Task statement |
Produce the records again in full, exactly as shown below.

[Crawled caption data]
──────────

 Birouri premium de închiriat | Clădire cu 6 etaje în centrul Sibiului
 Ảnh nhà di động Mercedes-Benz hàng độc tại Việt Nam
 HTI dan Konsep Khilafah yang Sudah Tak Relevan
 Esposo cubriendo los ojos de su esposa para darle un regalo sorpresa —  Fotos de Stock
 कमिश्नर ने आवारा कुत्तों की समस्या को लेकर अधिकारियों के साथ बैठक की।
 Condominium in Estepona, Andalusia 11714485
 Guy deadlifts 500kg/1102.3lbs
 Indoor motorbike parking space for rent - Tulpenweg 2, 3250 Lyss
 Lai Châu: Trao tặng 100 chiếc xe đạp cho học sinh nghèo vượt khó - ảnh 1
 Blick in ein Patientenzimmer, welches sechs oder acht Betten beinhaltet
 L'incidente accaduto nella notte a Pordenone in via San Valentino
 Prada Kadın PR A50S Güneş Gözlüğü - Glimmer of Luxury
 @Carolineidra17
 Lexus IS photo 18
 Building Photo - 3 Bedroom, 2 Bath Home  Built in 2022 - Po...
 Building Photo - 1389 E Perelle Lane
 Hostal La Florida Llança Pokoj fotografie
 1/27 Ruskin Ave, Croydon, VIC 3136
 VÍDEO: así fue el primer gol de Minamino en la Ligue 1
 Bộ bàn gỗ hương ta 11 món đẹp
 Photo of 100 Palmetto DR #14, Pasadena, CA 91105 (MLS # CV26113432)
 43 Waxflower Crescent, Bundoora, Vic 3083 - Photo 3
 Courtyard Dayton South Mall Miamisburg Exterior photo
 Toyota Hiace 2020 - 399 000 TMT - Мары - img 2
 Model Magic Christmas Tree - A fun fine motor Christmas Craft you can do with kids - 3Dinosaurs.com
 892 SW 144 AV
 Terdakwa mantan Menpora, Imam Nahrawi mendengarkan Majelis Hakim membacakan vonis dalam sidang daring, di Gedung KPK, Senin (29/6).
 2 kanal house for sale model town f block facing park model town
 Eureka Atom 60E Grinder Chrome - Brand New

──────────

Result |
 Birouri premium de închiriat | Clădire cu 6 etaje în centrul Sibiului
 Ảnh nhà di động Mercedes-Benz hàng độc tại Việt Nam
 HTI dan Konsep Khilafah yang Sudah Tak Relevan
 Esposo cubriendo los ojos de su esposa para darle un regalo sorpresa —  Fotos de Stock
 कमिश्नर ने आवारा कुत्तों की समस्या को लेकर अधिकारियों के साथ बैठक की।
 Condominium in Estepona, Andalusia 11714485
 Guy deadlifts 500kg/1102.3lbs
 Indoor motorbike parking space for rent - Tulpenweg 2, 3250 Lyss
 Lai Châu: Trao tặng 100 chiếc xe đạp cho học sinh nghèo vượt khó - ảnh 1
 Blick in ein Patientenzimmer, welches sechs oder acht Betten beinhaltet
 L'incidente accaduto nella notte a Pordenone in via San Valentino
 Prada Kadın PR A50S Güneş Gözlüğü - Glimmer of Luxury
 @Carolineidra17
 Lexus IS photo 18
 Building Photo - 3 Bedroom, 2 Bath Home  Built in 2022 - Po...
 Building Photo - 1389 E Perelle Lane
 Hostal La Florida Llança Pokoj fotografie
 1/27 Ruskin Ave, Croydon, VIC 3136
 VÍDEO: así fue el primer gol de Minamino en la Ligue 1
 Bộ bàn gỗ hương ta 11 món đẹp
 Photo of 100 Palmetto DR #14, Pasadena, CA 91105 (MLS # CV26113432)
 43 Waxflower Crescent, Bundoora, Vic 3083 - Photo 3
 Courtyard Dayton South Mall Miamisburg Exterior photo
 Toyota Hiace 2020 - 399 000 TMT - Мары - img 2
 Model Magic Christmas Tree - A fun fine motor Christmas Craft you can do with kids - 3Dinosaurs.com
 892 SW 144 AV
 Terdakwa mantan Menpora, Imam Nahrawi mendengarkan Majelis Hakim membacakan vonis dalam sidang daring, di Gedung KPK, Senin (29/6).
 2 kanal house for sale model town f block facing park model town
 Eureka Atom 60E Grinder Chrome - Brand New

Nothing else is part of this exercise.